El espíritu romántico inspira al pintor y lo anima a describir zonas de la realidad que hasta el momento habían sido ignoradas. En los cuadros y grabados de antaño solo se presentaban situaciones y personajes que podían ser dignas del respeto, la honra y el orgullo aristocrático. Sin embargo, los nuevos tiempos propician la ampliación de la mirada hacia los espacios más humildes, si bien signada por la perspectiva idealista y edulcorante de un fenómeno que solía ser mucho más duro e injusto de lo que aparentaba en los lienzos.
Landaluze rescató del olvido numerosos tipos populares, representados además en el marco habitual de su existencia. Si bien los personajes aparecen, la mayor de las veces, en escenas jocosas y divertidas, con ciertos rasgos estereotipados y burlescos que ofrecen una versión idílica del fenómeno de la esclavitud, de lo que significaba ser negro, pobre o guajiro en la Habana colonial, sus representaciones minuciosas de detalles de interiores, de actitudes y objetos, permiten leer entre líneas una realidad diferente, más áspera e incómoda.

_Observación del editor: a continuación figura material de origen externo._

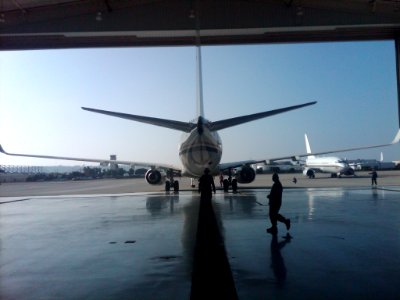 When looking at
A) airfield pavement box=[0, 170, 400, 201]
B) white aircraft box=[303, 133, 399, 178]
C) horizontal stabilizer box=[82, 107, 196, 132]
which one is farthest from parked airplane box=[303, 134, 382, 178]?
horizontal stabilizer box=[82, 107, 196, 132]

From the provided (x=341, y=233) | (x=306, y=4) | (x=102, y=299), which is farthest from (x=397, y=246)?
(x=306, y=4)

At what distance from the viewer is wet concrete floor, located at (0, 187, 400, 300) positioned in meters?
5.54

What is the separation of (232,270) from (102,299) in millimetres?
2151

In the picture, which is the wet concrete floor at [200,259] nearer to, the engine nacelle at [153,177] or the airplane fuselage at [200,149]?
the airplane fuselage at [200,149]

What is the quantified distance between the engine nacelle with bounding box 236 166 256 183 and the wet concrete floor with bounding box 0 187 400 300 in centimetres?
1634

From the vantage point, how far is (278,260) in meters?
7.15

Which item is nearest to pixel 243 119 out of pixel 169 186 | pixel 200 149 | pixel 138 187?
pixel 200 149

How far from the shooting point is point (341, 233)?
9906 millimetres

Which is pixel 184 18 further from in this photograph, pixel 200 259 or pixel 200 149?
pixel 200 259

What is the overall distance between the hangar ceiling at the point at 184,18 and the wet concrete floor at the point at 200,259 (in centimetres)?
937

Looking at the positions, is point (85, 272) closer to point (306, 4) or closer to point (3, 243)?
point (3, 243)

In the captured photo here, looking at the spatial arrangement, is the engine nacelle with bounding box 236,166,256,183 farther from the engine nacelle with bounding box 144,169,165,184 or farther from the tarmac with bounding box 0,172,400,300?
the tarmac with bounding box 0,172,400,300

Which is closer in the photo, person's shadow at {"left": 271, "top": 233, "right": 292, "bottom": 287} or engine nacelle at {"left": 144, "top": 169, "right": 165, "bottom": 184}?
person's shadow at {"left": 271, "top": 233, "right": 292, "bottom": 287}

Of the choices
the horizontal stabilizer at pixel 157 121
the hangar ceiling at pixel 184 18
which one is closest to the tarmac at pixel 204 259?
the horizontal stabilizer at pixel 157 121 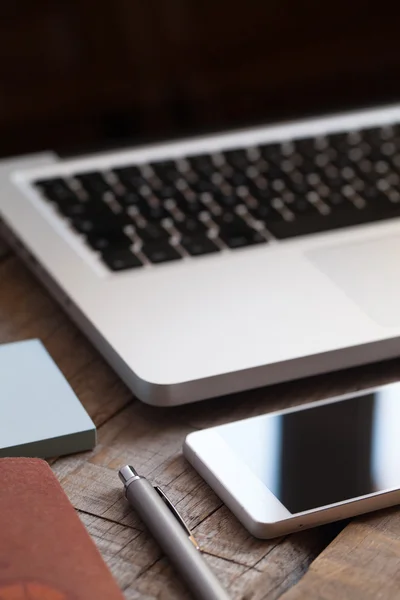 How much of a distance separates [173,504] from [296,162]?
440mm

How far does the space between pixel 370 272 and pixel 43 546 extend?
1.15 feet

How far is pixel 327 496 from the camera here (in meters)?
0.47

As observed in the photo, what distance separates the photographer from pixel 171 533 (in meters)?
0.45

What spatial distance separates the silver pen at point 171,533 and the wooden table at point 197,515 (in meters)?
0.01

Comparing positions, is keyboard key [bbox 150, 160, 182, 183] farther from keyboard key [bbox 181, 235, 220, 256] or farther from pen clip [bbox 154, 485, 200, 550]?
pen clip [bbox 154, 485, 200, 550]

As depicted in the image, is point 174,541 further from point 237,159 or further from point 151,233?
point 237,159

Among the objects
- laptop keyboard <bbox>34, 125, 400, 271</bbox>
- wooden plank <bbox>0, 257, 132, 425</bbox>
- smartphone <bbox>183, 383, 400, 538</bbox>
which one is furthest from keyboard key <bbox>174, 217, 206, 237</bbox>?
smartphone <bbox>183, 383, 400, 538</bbox>

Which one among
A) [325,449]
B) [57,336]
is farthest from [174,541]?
[57,336]

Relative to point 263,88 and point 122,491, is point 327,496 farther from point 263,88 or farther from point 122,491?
point 263,88

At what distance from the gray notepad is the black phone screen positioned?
9 cm

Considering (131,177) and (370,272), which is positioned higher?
(131,177)

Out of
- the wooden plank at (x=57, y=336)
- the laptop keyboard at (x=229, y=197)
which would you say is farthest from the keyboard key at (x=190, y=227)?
the wooden plank at (x=57, y=336)

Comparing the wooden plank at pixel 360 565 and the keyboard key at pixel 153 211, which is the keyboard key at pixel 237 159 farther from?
the wooden plank at pixel 360 565

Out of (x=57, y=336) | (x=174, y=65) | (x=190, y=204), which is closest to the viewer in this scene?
(x=57, y=336) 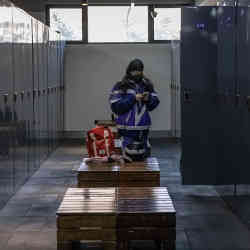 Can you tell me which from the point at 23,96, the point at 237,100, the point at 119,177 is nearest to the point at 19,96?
the point at 23,96

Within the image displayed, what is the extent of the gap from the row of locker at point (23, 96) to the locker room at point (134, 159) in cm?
1

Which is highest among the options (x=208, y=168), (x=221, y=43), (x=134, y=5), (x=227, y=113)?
(x=134, y=5)

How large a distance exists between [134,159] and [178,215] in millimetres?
708

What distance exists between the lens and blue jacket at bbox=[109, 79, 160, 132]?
662 centimetres

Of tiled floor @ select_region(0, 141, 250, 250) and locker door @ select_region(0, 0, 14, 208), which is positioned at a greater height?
locker door @ select_region(0, 0, 14, 208)

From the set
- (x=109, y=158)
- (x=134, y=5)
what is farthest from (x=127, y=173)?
(x=134, y=5)

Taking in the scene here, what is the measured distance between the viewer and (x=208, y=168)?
25.9ft

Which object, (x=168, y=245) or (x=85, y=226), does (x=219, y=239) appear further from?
(x=85, y=226)

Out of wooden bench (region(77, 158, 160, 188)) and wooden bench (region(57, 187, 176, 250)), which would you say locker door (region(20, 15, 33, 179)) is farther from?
wooden bench (region(57, 187, 176, 250))

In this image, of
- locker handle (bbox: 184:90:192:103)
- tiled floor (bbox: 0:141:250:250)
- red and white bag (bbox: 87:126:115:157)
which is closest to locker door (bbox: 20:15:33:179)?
tiled floor (bbox: 0:141:250:250)

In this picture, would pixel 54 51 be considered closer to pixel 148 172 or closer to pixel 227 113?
pixel 227 113

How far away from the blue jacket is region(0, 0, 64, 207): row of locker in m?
1.06

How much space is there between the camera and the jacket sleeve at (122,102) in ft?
21.7

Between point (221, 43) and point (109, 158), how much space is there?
170 centimetres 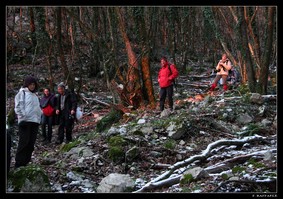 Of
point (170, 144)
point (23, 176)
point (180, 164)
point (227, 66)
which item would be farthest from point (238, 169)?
point (227, 66)

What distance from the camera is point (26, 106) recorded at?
7000mm

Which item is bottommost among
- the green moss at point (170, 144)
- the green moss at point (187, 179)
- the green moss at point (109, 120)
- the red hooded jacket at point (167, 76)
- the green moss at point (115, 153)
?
the green moss at point (187, 179)

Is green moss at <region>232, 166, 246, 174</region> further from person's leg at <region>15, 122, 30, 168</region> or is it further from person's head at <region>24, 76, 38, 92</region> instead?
person's head at <region>24, 76, 38, 92</region>

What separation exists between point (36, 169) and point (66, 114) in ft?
15.0

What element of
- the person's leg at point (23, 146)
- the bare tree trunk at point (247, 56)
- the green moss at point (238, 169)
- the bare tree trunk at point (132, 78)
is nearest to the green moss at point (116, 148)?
the person's leg at point (23, 146)

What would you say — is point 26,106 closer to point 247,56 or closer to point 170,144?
point 170,144

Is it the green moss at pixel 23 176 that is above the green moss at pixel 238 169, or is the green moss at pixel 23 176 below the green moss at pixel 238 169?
below

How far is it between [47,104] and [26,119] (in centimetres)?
401

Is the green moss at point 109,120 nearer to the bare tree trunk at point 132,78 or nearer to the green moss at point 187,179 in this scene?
the bare tree trunk at point 132,78

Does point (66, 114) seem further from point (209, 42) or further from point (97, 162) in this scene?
point (209, 42)

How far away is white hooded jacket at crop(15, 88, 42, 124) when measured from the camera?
6.93 meters

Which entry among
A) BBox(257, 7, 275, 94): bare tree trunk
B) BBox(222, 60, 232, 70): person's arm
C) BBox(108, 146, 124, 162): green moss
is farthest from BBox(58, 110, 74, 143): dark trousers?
BBox(222, 60, 232, 70): person's arm

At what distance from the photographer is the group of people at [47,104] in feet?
22.9

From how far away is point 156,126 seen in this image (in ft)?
29.6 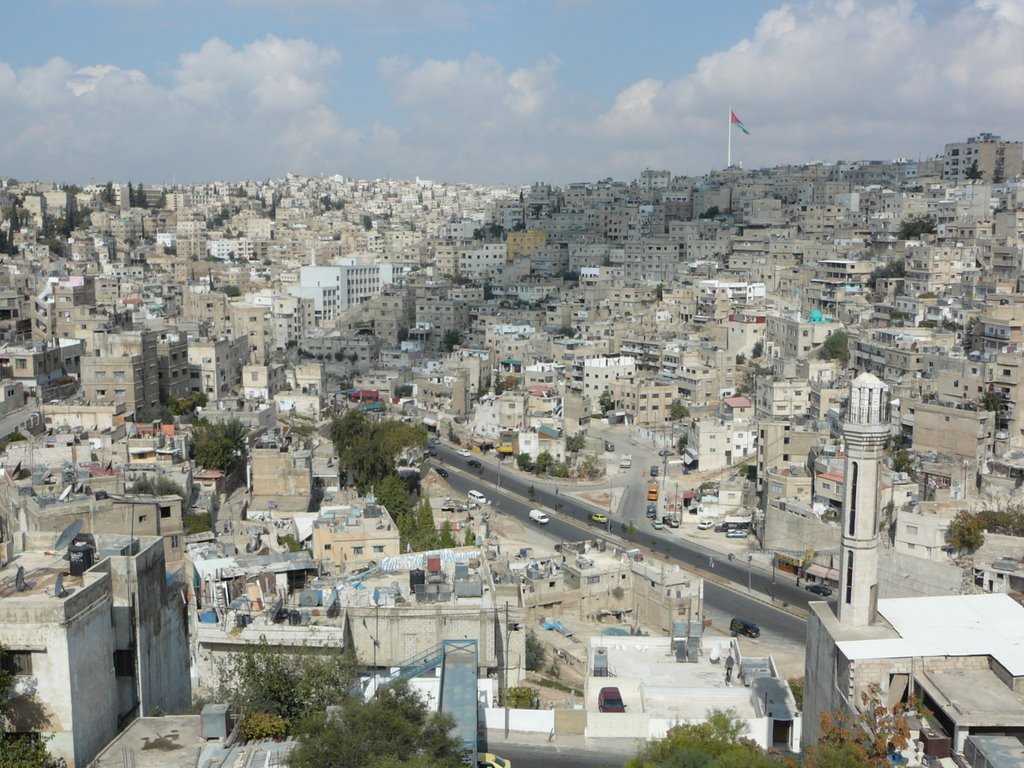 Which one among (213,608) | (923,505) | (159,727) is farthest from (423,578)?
(923,505)

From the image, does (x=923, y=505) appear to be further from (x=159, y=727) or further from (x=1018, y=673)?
(x=159, y=727)

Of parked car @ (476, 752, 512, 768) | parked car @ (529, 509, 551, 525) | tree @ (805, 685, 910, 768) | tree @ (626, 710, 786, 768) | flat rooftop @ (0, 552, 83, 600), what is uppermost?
flat rooftop @ (0, 552, 83, 600)

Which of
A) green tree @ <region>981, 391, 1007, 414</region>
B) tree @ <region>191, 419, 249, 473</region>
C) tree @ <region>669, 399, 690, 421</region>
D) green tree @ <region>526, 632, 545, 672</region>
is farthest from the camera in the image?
tree @ <region>669, 399, 690, 421</region>

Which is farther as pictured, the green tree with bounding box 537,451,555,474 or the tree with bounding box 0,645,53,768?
the green tree with bounding box 537,451,555,474

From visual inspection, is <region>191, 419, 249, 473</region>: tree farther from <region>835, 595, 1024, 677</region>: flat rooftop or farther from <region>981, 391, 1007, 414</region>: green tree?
<region>981, 391, 1007, 414</region>: green tree

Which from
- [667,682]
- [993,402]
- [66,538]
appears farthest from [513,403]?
[66,538]

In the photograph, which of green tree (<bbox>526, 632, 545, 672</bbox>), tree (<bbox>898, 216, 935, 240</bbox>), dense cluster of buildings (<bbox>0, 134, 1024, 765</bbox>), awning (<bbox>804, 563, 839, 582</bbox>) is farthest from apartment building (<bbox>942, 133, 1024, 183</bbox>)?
green tree (<bbox>526, 632, 545, 672</bbox>)
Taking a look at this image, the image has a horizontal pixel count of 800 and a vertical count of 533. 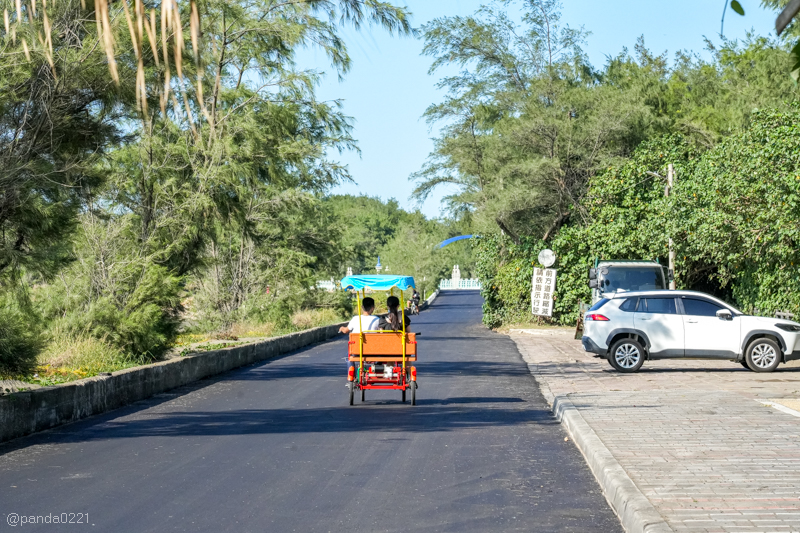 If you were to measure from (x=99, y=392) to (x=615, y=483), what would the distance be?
8.29 meters

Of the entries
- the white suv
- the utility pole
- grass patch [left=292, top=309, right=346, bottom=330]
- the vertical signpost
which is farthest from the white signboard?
the white suv

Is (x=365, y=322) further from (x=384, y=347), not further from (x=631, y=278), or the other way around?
(x=631, y=278)

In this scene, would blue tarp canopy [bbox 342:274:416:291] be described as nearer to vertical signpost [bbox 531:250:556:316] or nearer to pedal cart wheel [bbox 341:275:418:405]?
pedal cart wheel [bbox 341:275:418:405]

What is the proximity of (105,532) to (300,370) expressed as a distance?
14266mm

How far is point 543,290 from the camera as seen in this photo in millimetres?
37344

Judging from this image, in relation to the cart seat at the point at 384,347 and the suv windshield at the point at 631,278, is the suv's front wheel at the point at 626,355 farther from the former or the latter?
the suv windshield at the point at 631,278

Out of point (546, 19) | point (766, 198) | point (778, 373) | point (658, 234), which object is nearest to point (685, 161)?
point (658, 234)

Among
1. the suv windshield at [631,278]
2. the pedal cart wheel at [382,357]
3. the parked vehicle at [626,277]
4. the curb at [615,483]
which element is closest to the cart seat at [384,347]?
the pedal cart wheel at [382,357]

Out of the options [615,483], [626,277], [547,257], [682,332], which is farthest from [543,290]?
[615,483]

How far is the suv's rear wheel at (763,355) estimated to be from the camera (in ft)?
61.9

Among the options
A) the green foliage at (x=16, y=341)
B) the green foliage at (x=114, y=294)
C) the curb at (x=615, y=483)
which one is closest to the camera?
the curb at (x=615, y=483)

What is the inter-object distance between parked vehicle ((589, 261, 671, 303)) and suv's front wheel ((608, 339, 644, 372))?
8.28 metres

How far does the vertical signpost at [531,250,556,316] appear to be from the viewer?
121 ft

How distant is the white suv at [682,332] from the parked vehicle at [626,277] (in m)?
7.89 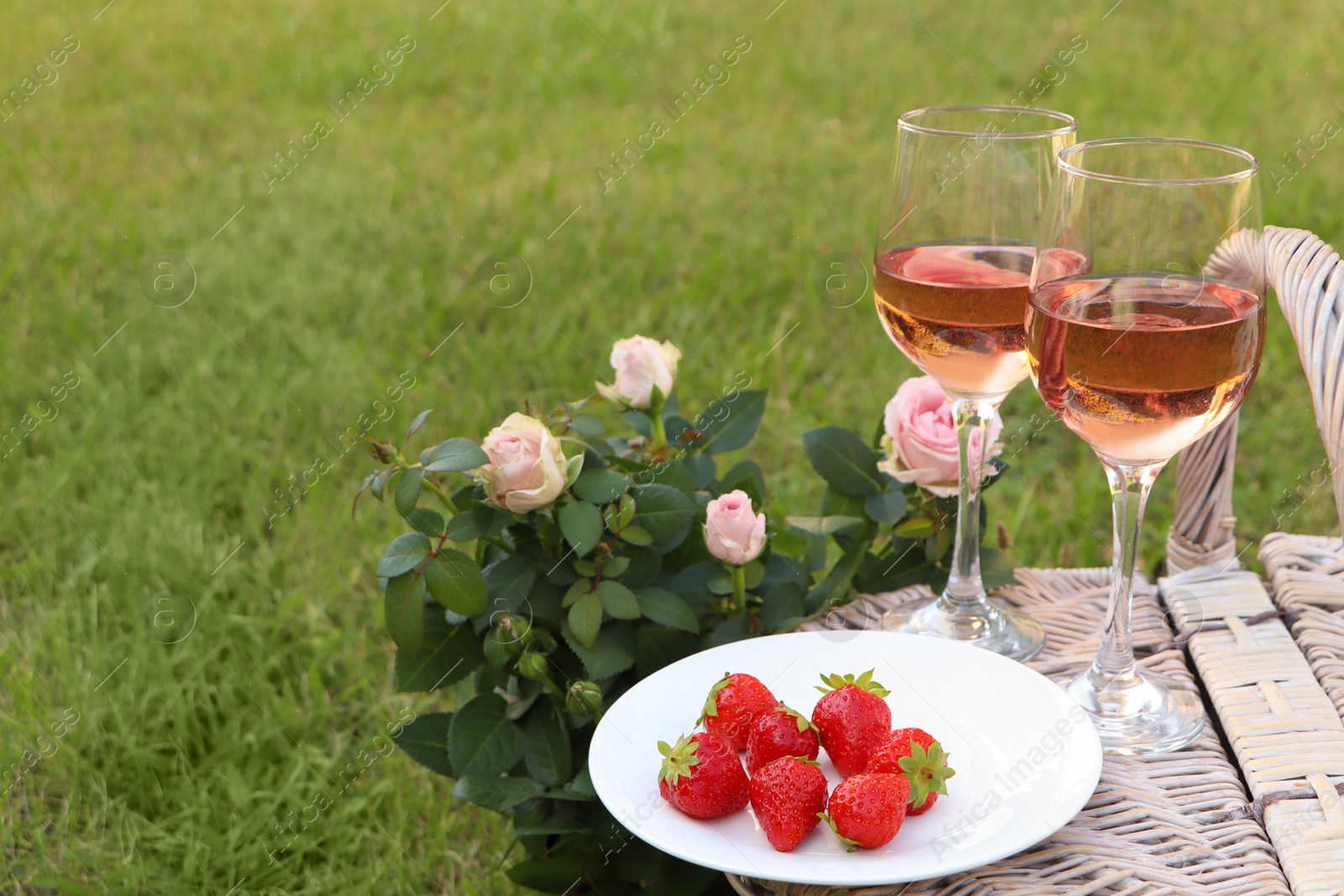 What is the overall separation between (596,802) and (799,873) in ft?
2.00

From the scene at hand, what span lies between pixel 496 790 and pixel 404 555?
275 mm

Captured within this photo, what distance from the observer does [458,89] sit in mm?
4266

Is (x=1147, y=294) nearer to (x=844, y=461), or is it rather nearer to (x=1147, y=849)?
(x=1147, y=849)

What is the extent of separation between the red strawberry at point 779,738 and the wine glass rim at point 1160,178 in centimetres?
46


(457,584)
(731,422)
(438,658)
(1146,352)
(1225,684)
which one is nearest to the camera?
(1146,352)

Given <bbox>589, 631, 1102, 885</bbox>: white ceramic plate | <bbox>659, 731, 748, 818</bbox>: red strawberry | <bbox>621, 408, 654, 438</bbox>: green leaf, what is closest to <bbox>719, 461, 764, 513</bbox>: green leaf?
<bbox>621, 408, 654, 438</bbox>: green leaf

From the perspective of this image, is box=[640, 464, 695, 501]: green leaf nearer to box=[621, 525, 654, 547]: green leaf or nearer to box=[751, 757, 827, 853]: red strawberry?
box=[621, 525, 654, 547]: green leaf

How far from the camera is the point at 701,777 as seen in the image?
88 cm

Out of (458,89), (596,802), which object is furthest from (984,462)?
→ (458,89)

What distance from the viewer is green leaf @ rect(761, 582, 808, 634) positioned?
1346mm

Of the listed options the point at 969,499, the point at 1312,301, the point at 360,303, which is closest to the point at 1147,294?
the point at 1312,301

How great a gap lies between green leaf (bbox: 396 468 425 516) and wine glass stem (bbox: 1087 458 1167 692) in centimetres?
62

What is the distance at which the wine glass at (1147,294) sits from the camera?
2.76ft

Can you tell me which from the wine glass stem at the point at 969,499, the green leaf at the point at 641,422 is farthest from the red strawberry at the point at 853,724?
the green leaf at the point at 641,422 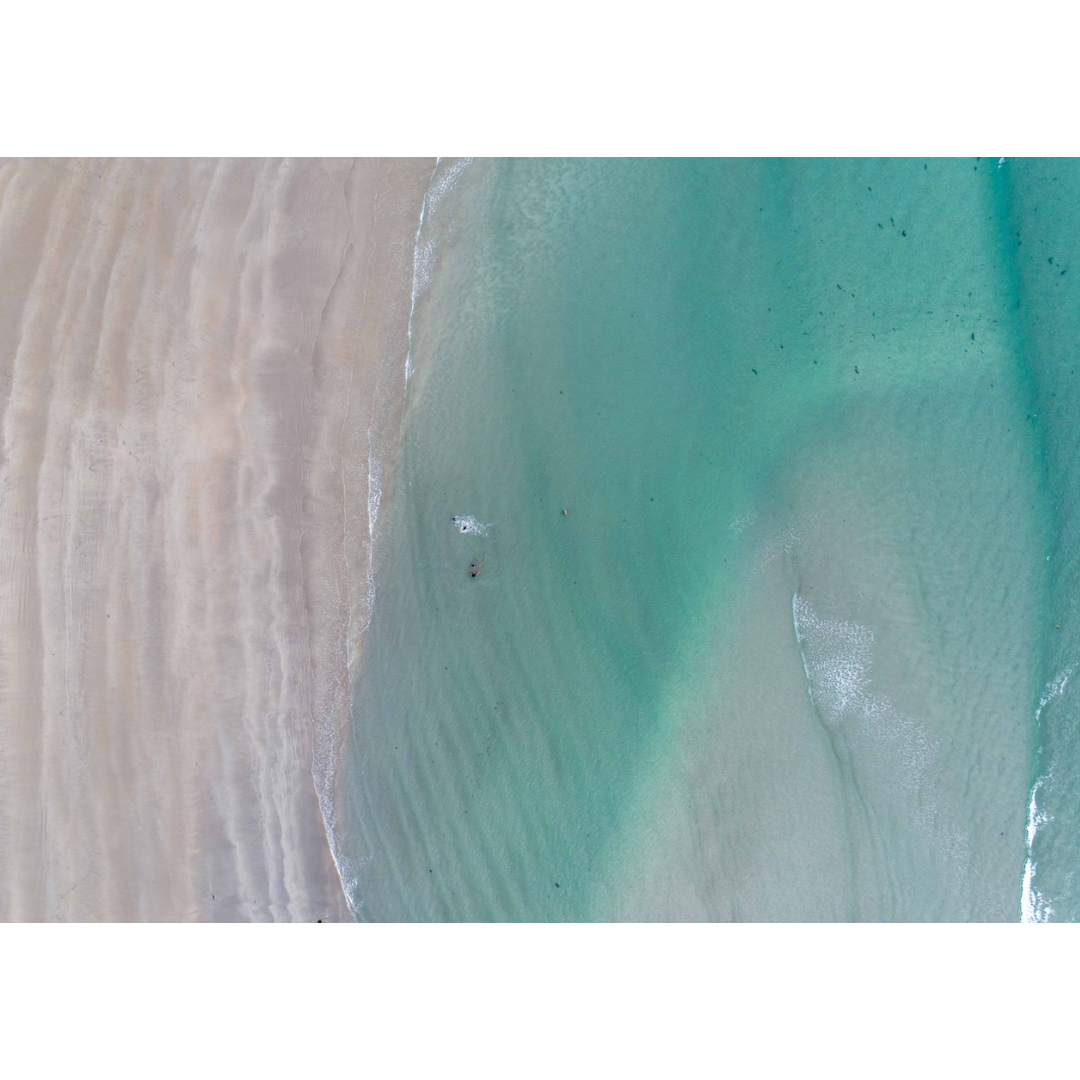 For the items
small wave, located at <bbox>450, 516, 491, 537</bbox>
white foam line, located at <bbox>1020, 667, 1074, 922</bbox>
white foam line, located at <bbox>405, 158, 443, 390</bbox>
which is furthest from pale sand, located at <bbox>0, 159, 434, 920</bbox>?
white foam line, located at <bbox>1020, 667, 1074, 922</bbox>

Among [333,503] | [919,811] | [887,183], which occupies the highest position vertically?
[887,183]

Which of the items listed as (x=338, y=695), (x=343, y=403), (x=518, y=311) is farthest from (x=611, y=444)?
(x=338, y=695)

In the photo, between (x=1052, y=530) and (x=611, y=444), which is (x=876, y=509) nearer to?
(x=1052, y=530)

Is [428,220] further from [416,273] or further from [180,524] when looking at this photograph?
[180,524]

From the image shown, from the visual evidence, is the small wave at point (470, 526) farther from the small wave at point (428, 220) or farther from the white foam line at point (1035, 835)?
the white foam line at point (1035, 835)

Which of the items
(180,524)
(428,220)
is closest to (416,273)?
(428,220)

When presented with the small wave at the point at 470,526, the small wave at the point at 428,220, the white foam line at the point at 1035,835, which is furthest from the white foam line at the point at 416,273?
the white foam line at the point at 1035,835

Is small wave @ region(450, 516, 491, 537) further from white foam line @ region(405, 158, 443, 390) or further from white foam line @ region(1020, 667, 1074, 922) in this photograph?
white foam line @ region(1020, 667, 1074, 922) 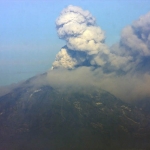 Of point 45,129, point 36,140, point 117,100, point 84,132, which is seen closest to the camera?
point 36,140

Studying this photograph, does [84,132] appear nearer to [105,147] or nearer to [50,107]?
[105,147]

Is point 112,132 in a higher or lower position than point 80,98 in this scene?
lower

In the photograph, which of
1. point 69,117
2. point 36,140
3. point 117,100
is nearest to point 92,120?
point 69,117

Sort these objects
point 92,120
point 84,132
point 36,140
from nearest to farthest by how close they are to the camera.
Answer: point 36,140 → point 84,132 → point 92,120

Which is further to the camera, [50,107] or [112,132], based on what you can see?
[50,107]

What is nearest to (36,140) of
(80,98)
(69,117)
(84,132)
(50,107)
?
(84,132)

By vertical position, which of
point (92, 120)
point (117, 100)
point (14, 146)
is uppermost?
point (117, 100) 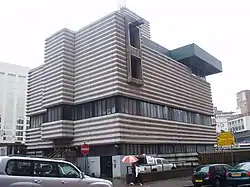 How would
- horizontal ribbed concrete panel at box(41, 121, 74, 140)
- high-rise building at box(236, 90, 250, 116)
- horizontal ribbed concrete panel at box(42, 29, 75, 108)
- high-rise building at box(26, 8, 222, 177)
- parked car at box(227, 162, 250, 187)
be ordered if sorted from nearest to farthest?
1. parked car at box(227, 162, 250, 187)
2. high-rise building at box(26, 8, 222, 177)
3. horizontal ribbed concrete panel at box(41, 121, 74, 140)
4. horizontal ribbed concrete panel at box(42, 29, 75, 108)
5. high-rise building at box(236, 90, 250, 116)

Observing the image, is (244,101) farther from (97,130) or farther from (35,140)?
(97,130)

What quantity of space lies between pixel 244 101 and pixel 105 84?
11697 centimetres

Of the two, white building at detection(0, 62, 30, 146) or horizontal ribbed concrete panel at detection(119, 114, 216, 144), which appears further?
white building at detection(0, 62, 30, 146)

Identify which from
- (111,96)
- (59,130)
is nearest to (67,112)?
(59,130)

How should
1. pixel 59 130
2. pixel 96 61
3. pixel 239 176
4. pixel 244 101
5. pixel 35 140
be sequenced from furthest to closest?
1. pixel 244 101
2. pixel 35 140
3. pixel 59 130
4. pixel 96 61
5. pixel 239 176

En términos generales, la recreación de ambientes y personajes populares característicos de la sociedad cubana colonial fue el mayor legado de Landaluze, tanto para entender la vida cultural y social de La Habana del siglo XIX como para la creación de un imaginario nacionalista consecuente con la heterogeneidad de la sociedad insular.
Víctor Patricio Landaluze fue, pues, un español que emigró a la Siempre Fiel Isla de Cuba para convertirse en uno de sus artistas más encumbrados. Su obra, sujeta a las limitaciones de su tiempo, se expandió, no obstante, más allá de las fronteras impuestas por su época y su autor. El registro costumbrista de una realidad entendida como espectáculo pintoresco, se transformó en fuente vital para la construcción de un imaginario social incluyente de la historia cultural cubana.